_WHAT IS EXPECTED_. In the data below, the answer is the run of lines from the line containing "Cojinete de rueda" through the line containing "POP MART Other", both included; print it exactly and nothing else.

_INFORMATION PROVIDED_.
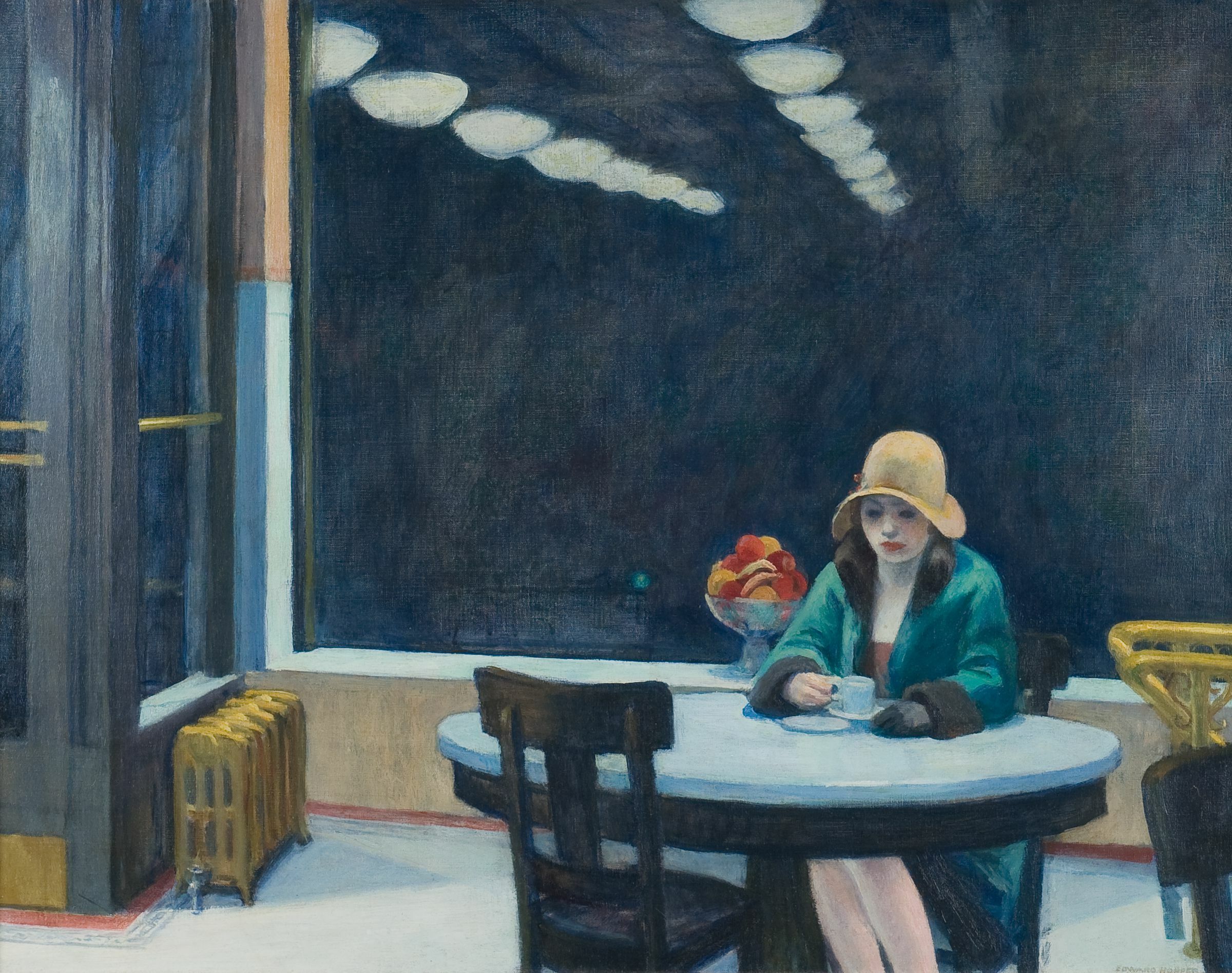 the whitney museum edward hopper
...
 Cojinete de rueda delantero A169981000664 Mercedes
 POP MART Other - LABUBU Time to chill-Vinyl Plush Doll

_TASK ANSWER_.
 Cojinete de rueda delantero A169981000664 Mercedes
 POP MART Other - LABUBU Time to chill-Vinyl Plush Doll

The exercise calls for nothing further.